Texas Joins 10 Other States Calling For New U.S. Constitutional Convention

Our daily roundup of Texas headlines.

By Becky FogelMay 5, 2017 10:49 am

The Standard’s news roundup gives you a quick hit of interesting, sometimes irreverent, and breaking news stories from all over the state.

The Texas House has approved a resolution calling for a new U.S. constitutional convention. The resolution calls for a series of amendments to limit federal power and spending, as well as term limits for members of Congress. Houston Public Media’s Andrew Schneider has more:

Debate over the measure was sharp and partisan, but brief. In one exchange, State Rep. Roland Gutierrez challenged one of the bill’s leading advocates, State Rep. Rick Miller, regarding the House’s recent passage of the “Sanctuary Cities” bill.

“What do you tell all those good folks about the unfunded mandate that we did last week?” Gutierrez asked.

“We’re here to discuss this resolution. Okay?” Miller said.

“But that’s my point, Representative Miller,” Gutierrez said. “We’re here talking about your so-called federal overreach. And yet your own party just last week suggested to all of us that we want to have more federal government in our backyard. We want to abrogate local control.”

The resolution is now the second of Gov.
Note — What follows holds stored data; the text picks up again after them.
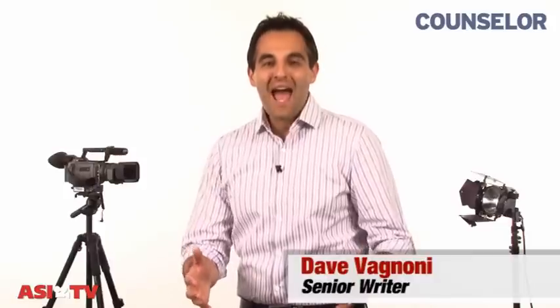Hi, I'm Dave Agnone with Counselor Magazine and welcome to this week's How-To Minute. Today, I'm going to be talking about creating videos that you can place online.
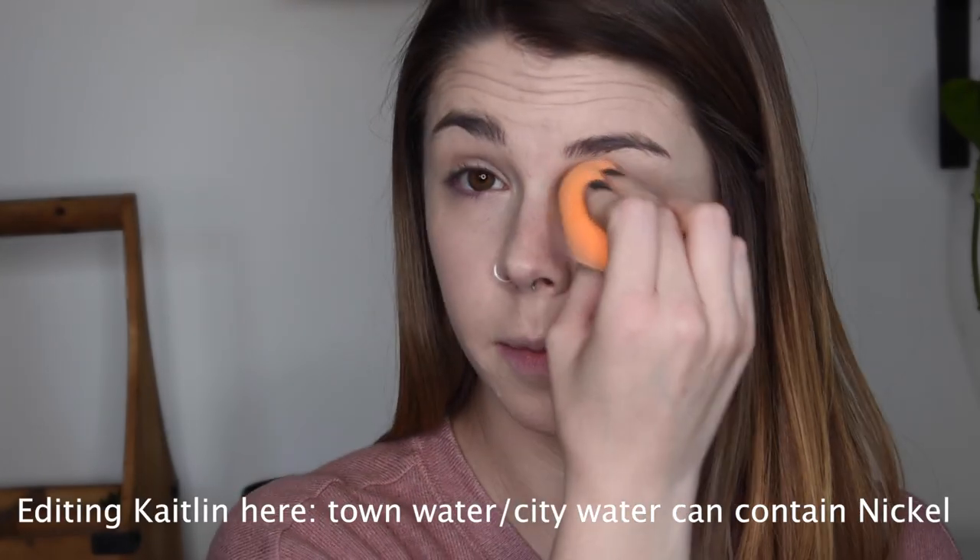Using the Becca Brightening Under Eye Corrector in light to medium — tapping it into the darkest areas of my eye. Fabric triggers include wool sweaters and polyester, which is very common in clothing. Metals like nickel can also cause flare-ups. Cigarette smoke, soaps, and fragrances are also triggers.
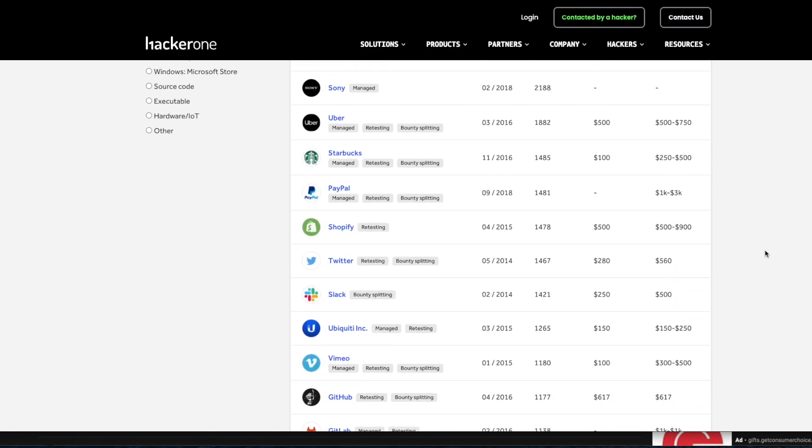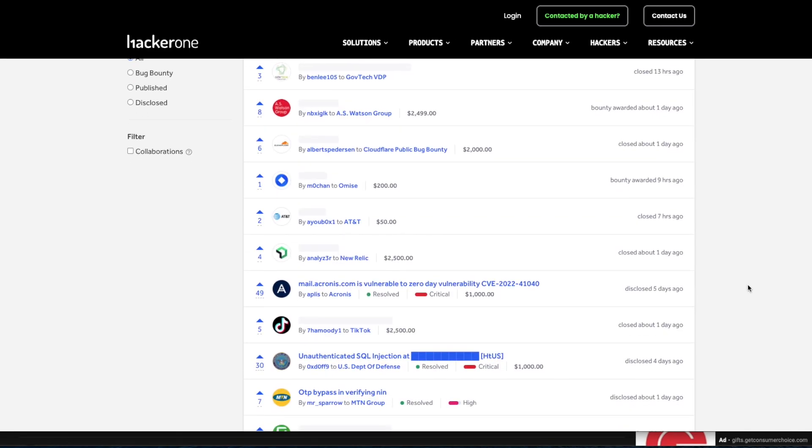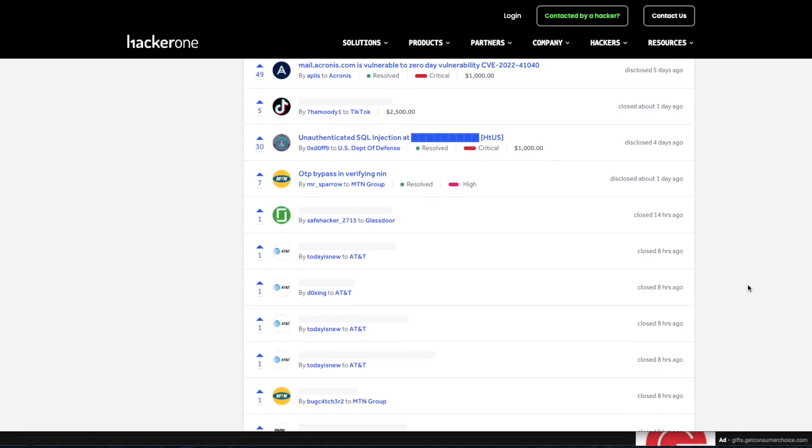Sometimes you'll see people say that if you want to practice your hacking skills, go do bug bounty programs and just read everything you come across. This can be helpful sometimes, but you're not going to be learning new exploits because you don't know that they exist. This is why I prefer CTFs over blind bug bounty hunting, especially if you're new and a beginner.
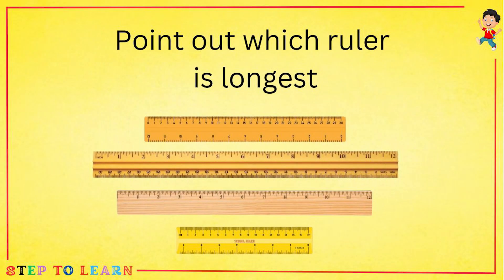Point out which ruler is longest. First, second, third or fourth? The second ruler is longest.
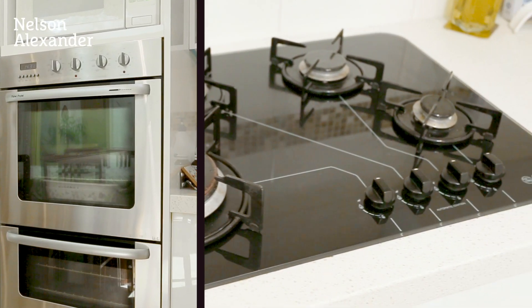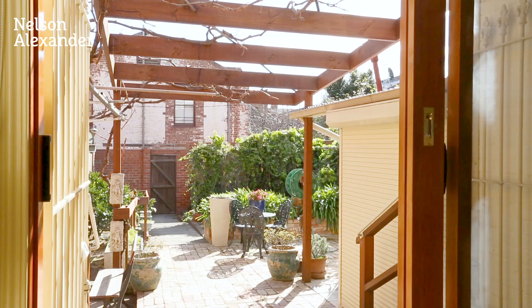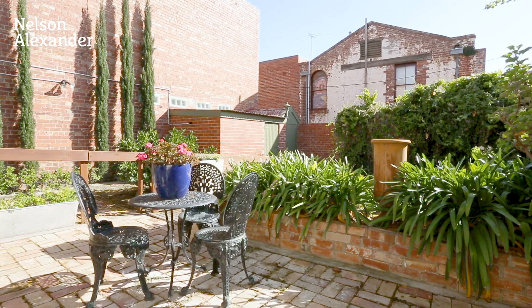Other features include ornate ceilings, polished timber floors, heating and cooling, plus a wonderfully deep backyard garden complete with workshop, store room, and right of way access.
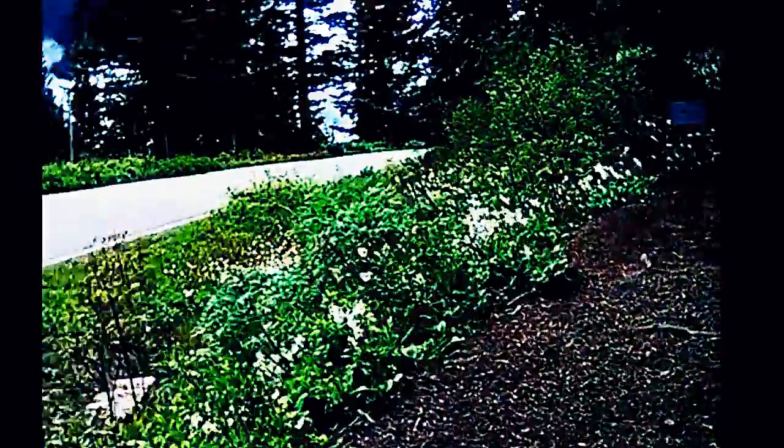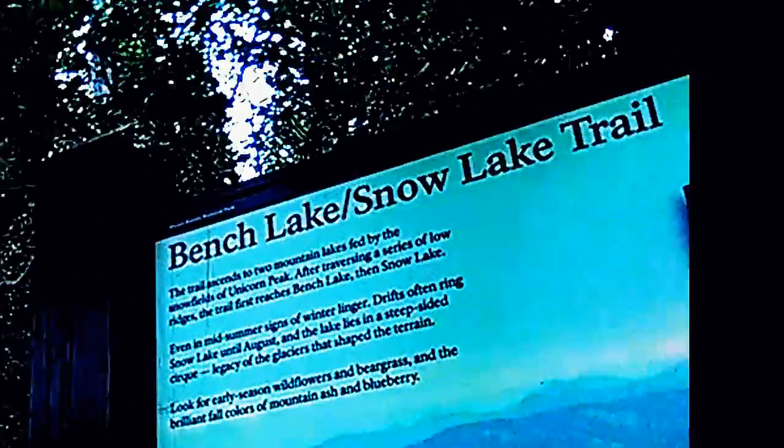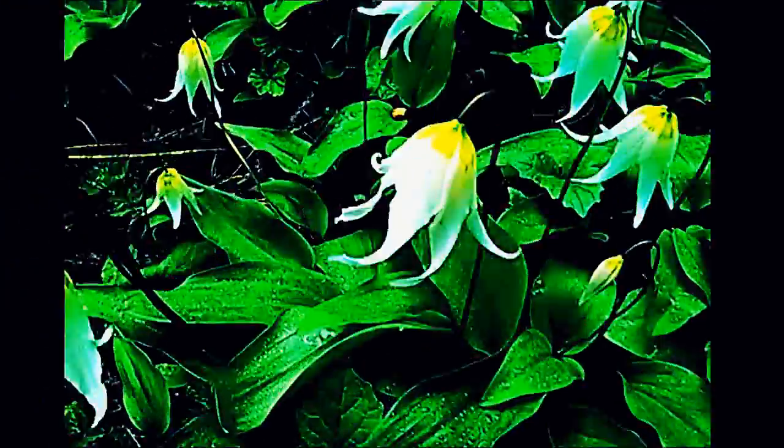It's only a mile to Snow Lake, it shouldn't be too bad. There's been a lot of snow on the trail, and at Bench Lake there are little spring flowers up there. There are a few patches of snow on the side of the trail, but not too much though.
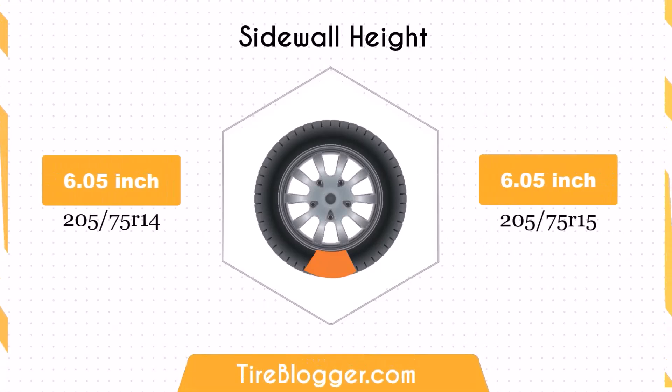Switching to 205/75R15 does not change the sidewall height, as both sizes have a sidewall height of 6.05 inches. This consistency in sidewall height ensures that the impact absorption and ride comfort remain the same.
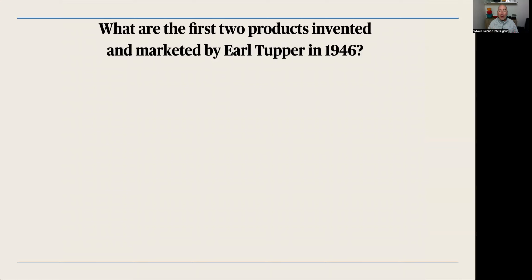So when I'm seeing all those products, I cannot stop smiling. It reminds me so much.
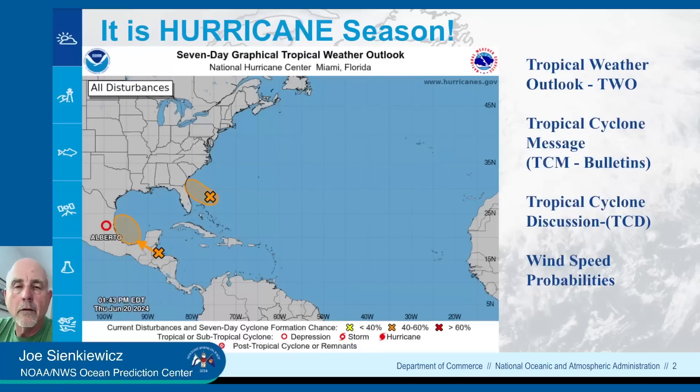It is hurricane season, and no surprise — here we are mid to late June and we've had our first storm. Alberto went into Mexico this morning. This is the seven-day graphical tropical weather outlook; I highly recommend you look at this at least once a day, if not twice a day. We are in a sort of supercharged season in terms of anticipation. There is a disturbance off the southeast coast approaching Georgia, North Florida, and southern South Carolina coastline, mainly as a rain producer at this point, and it's forecast to be another system coming over the Yucatan Peninsula and into the Bay of Campeche over the next few days.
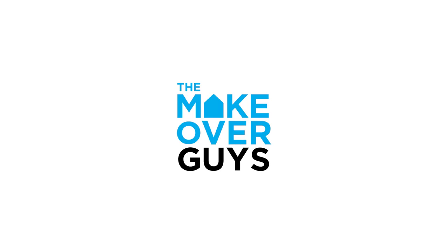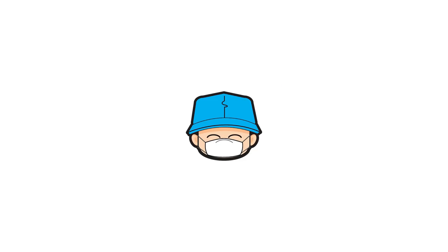These episodes are also a joint collaboration with the team in The Makeover Guys, because I also work there. Please enjoy.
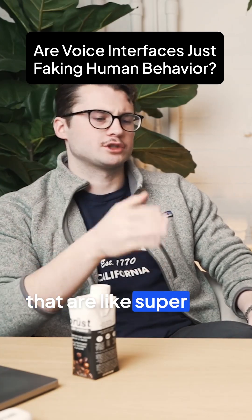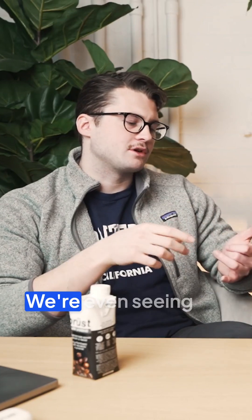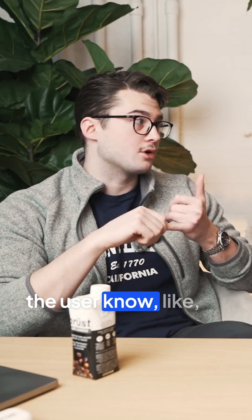We've all used those traditional voice IVRs — press one, press two. Those are pretty fast, but there's often just a ton of dead space. You're seeing innovations on the voice interface like background audio and audio cues, just letting the user know, hey, we heard you.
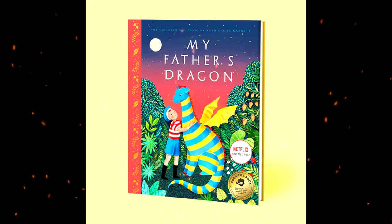It has been adapted into both an anime and an animated movie, and was awarded the Newbery Honor, one of the highest awards in children's literature.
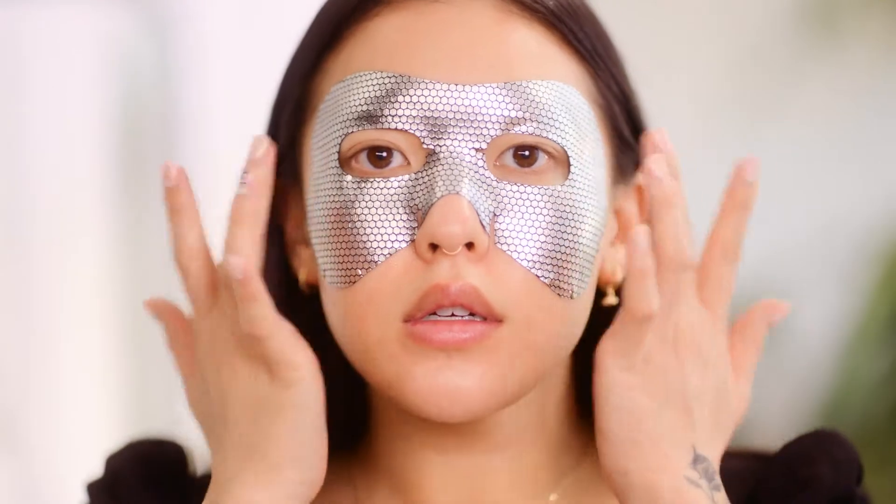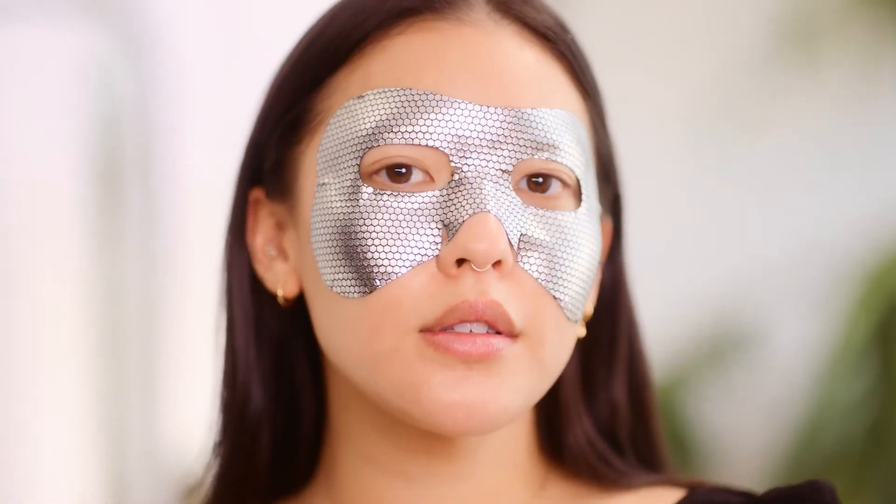This mask is super easy to apply — you just unfold it and smooth it onto clean dry skin. After 10 minutes your eyes will look more radiant and refreshed. Eye Boost is the perfect post-party pick-me-up.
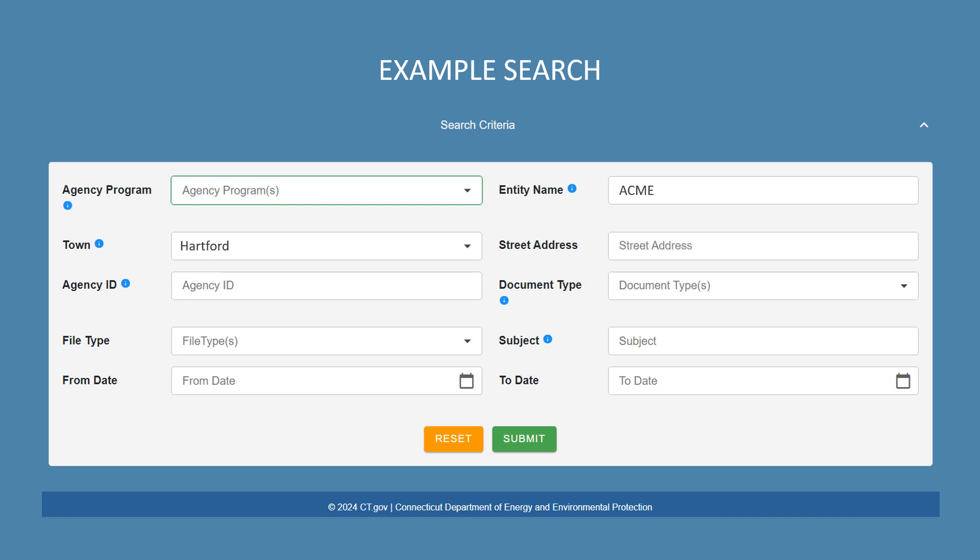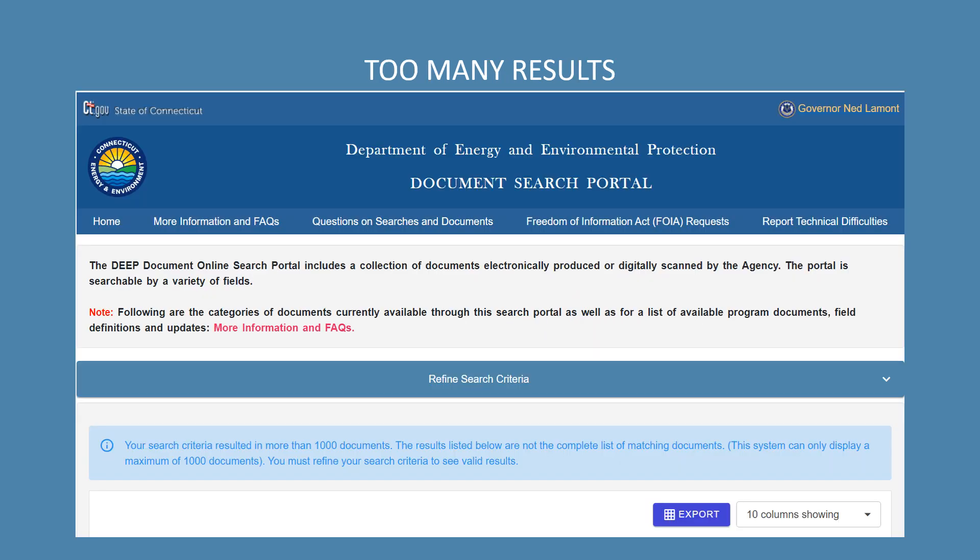Trying different variations in your search will help you ensure that you retrieve all available documents. But it is possible to search too broadly. If your search criteria results in more than 1,000 documents, they will not all be displayed because the maximum number of records our system can return is 1,000. If you get this warning, it's time to go back and narrow your search criteria.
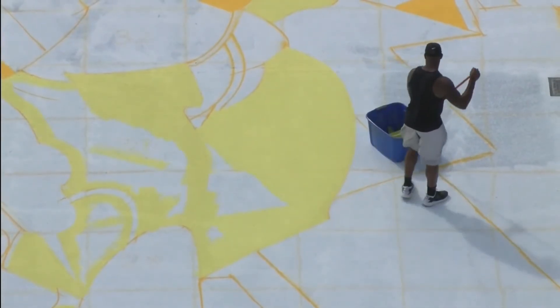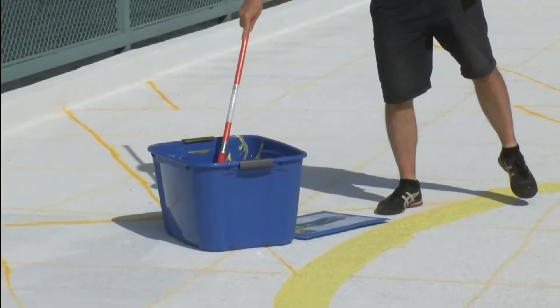There are more murals expected to be painted in the area within the next several months.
Greg Abbott’s four emergency items for the legislative session to make it across the finish line, following the Sanctuary Cities legislation. Child Protective Services reform and ethics reform remain several steps from completion.

Article V of the U.S. Constitution requires two-thirds of the states to call for such a convention for one to take place – 34 out of the current 50. Passage of this resolution makes Texas number 11.

Texas lawmakers called on state leaders to help prevent police shootings after Jordan Edwards, a black teenager, was fatally shot Saturday. Former Balch Springs police officer Roy Oliver fired his rifle at a vehicle Jordan was in as it drove away from the officers.

The Texas Legislative Black Caucus and other lawmakers held a press conference Thursday where they asked Gov. Greg Abbott, Lt. Gov. Dan Patrick, and House Speaker Joe Straus to address Jordan’s death.

Abbott had released a statement to the Texas Tribune Wednesday that said “…the Edwards family deserves a full and fair investigation into this tragedy.” You can read the full statement here.

A new radio jingle is urging people to support a bill that would make possession of a small amount of marijuana a civil offense – not a crime. The Dallas Morning News reports an Austin nonprofit named Just Liberty is paying for the spot. It’s airing in Tarrant County and other areas of Northeast and Central Texas.

House Bill 81 is from State Representative Joe Moody – an El Paso Democrat. Under it, anyone found with an ounce of pot or less would just face a civil penalty of $250. The measure passed out of its House Committee but it hasn’t been scheduled for a vote with the full Texas House.